Et si le problème de la jeunesse n’était pas le manque d’engagement ? Que nos problèmes ne venaient pas que des jeunes ?
Et si les valeurs de la République ne pouvaient s’imposer par la force, fusse-t-elle des mots, et que l’on pouvait leur redonner du sens et de l’influence tous ensemble ?
Le projet de loi actuel sur le service national universel témoigne d’un terrible décalage entre ce gouvernement et la population. Quand Edouard Philippe promet la « fraternité » entre les jeunes, ceux-ci entendent formatage, plutôt que maturation collective. Au lieu de viser avec sincérité la rencontre sociale et ce “sentiment d’appartenance” le gouvernement cherche surtout à inculquer à la jeunesse « des compétences sociales que les entreprises recherchent » pour reprendre les mots de Yannick Blanc, l’actuel président de l’Agence du service civique.
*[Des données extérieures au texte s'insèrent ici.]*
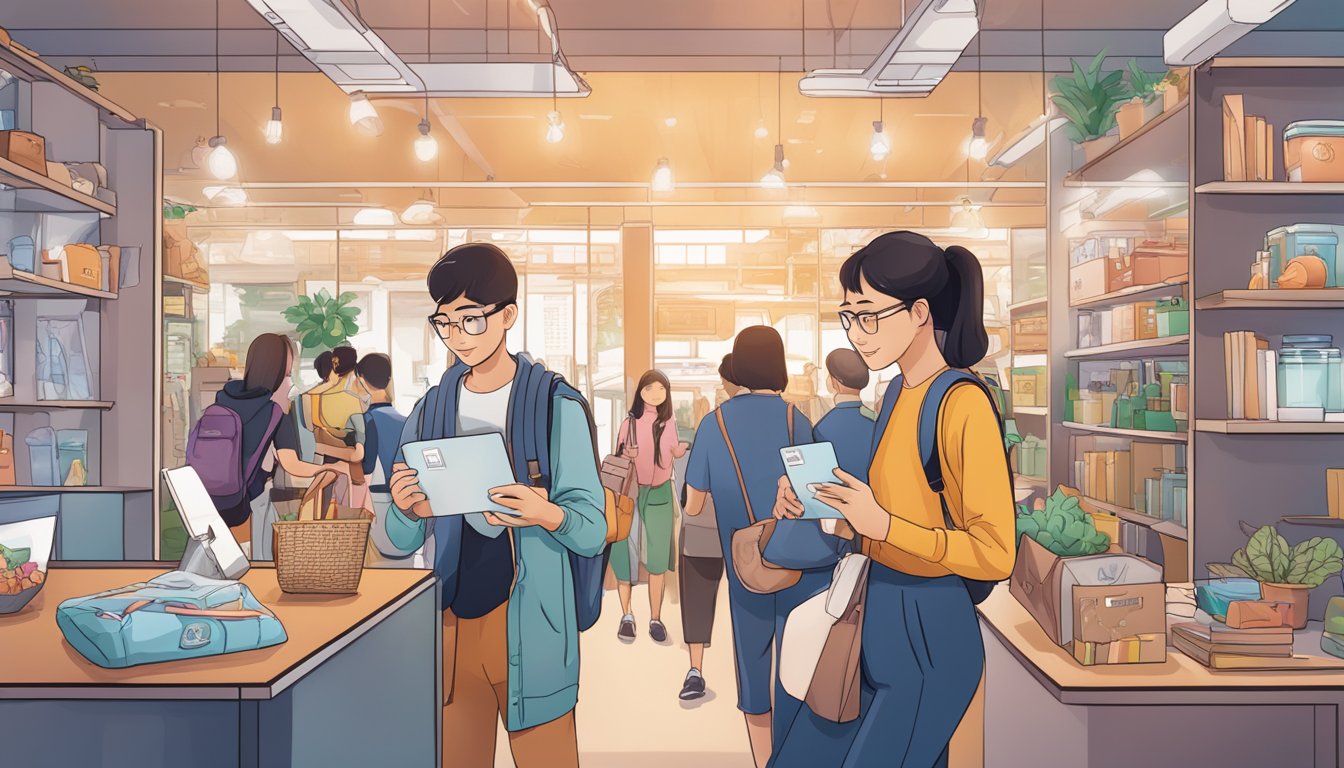 A student holds a DBS Live Fresh Student Card in Singapore, surrounded by lifestyle perks and privileges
Cadrer, façonner au lieu d’ouvrir des horizons, de sensibiliser, d’agir ensemble; voilà le projet du service civique universel du gouvernement.
C’est se tromper de constat sur la France et proposer les mauvais remèdes.
Car oui, le moral français n’est pas au beau fixe, et nous aurions tous besoin d’un nouveau dieu, d’une vision commune d’un demain meilleur. Mais le problème de notre pays, ce n’est pas une jeunesse amorphe, c’est une déconnexion généralisée. Les gilets jaunes en sont d’ailleurs le reflet : rarement l’élite qui nous gouverne n’a été si éloignée des problématiques du peuple qu’elle est sensée représenter, rarement l’horizon n’a semblé si morose ou si vide. Nos jeunes, eux, supposés peu engagés, sont pourtant bien nombreux sur les ronds-points de France à espérer de nouvelles perspectives.
L’urgence écologique, pourtant évidente, n’est énoncée que dans les mots creux d’un président dont les actes empirent la situation environnementale. Le peu d’intérêt affiché pour la COP24 atteste avec éloquence des priorités gouvernementales d’aujourd’hui.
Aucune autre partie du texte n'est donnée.